China’s Flat-lining Carbon Market May Get Lift From New Permits
(Bloomberg) -- Participants in China’s carbon market expect 5 billion tons of emissions allowances to be issued around October, a move that will help kick-start what has so far been moribund trading.
The allowances are expected to bring China’s total carbon issuance to about 8 billion tons and stimulate more active trading, according to three market participants, who asked not to be identified as they aren’t authorized to speak publicly.
Companies in the power sector, the first industry to be included in the carbon market, have been limiting activity since the July launch while they wait for additional quotas for the remaining 30% of 2019 emissions, and 100% of 2020’s emission allowances, the people said. China’s carbon market is set up so that firms trade pollution that has already been emitted the previous year due to the challenges in forecasting future releases.
The Ministry of Ecology and Environment, which oversees the national market hosted by the Shanghai Environment and Energy Exchange, didn’t respond to calls seeking comments.

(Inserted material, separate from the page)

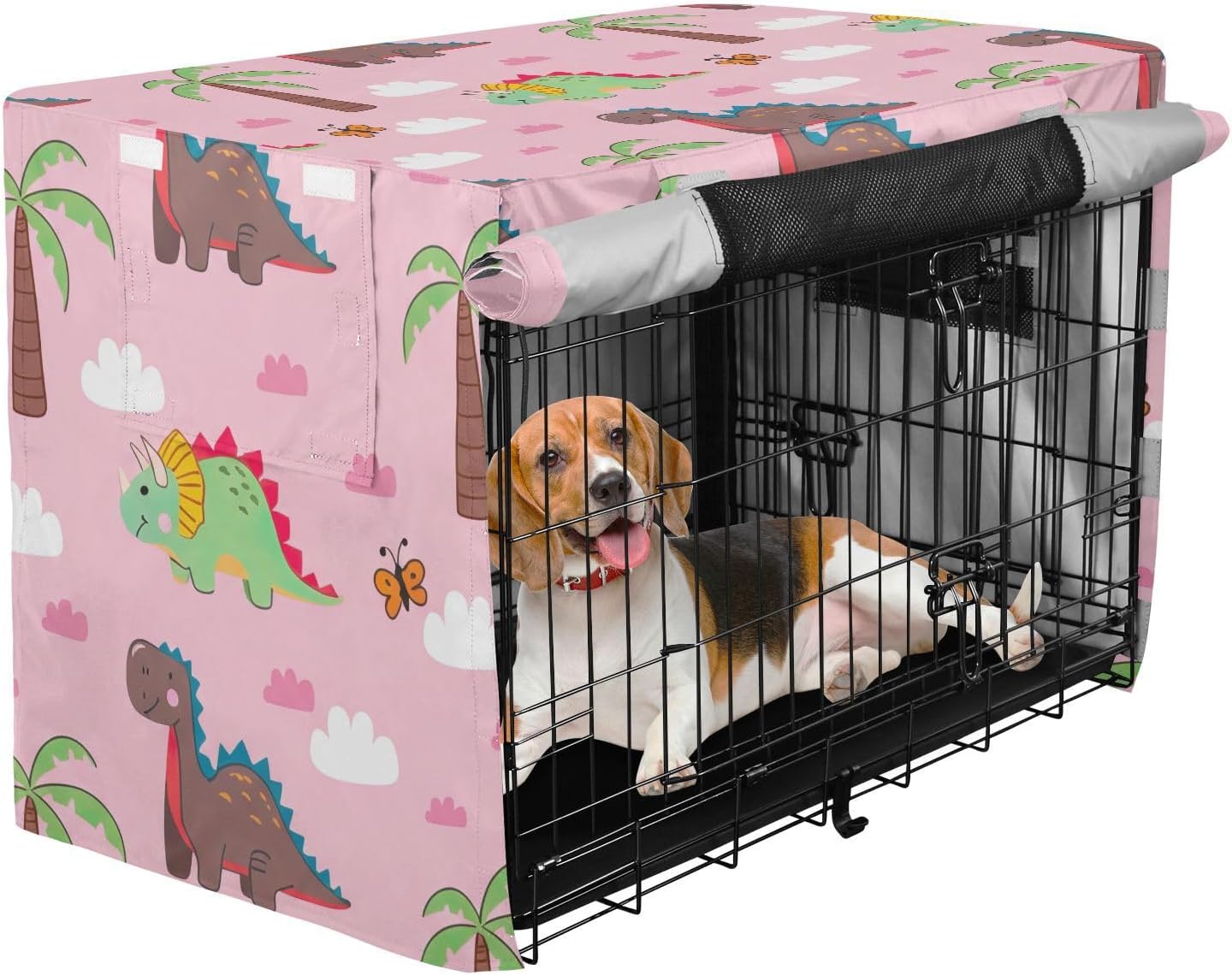 Colorful Cute Dinosaurs Pink Dog Crate Covers Breathable, S-XL Windproof Covers for Pet Cages, X-Large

Trading volume in China’s carbon market has steadily dwindled since its July 16 launch, and fell to a record low Tuesday of just 23 tons, according to data from the Shanghai exchange. Participation has so far been limited to power generators by authorities who have yet to allow derivatives or wider financial markets to join.
China carbon allowances closed up 0.4% to 45.35 yuan ($7.02) per metric ton on Tuesday, according to data from the National Carbon Emission Trading Agency. Prices are a fraction of the rate in the European Union, where carbon rose above 60 euros ($70.83) for the first time on record on Thursday.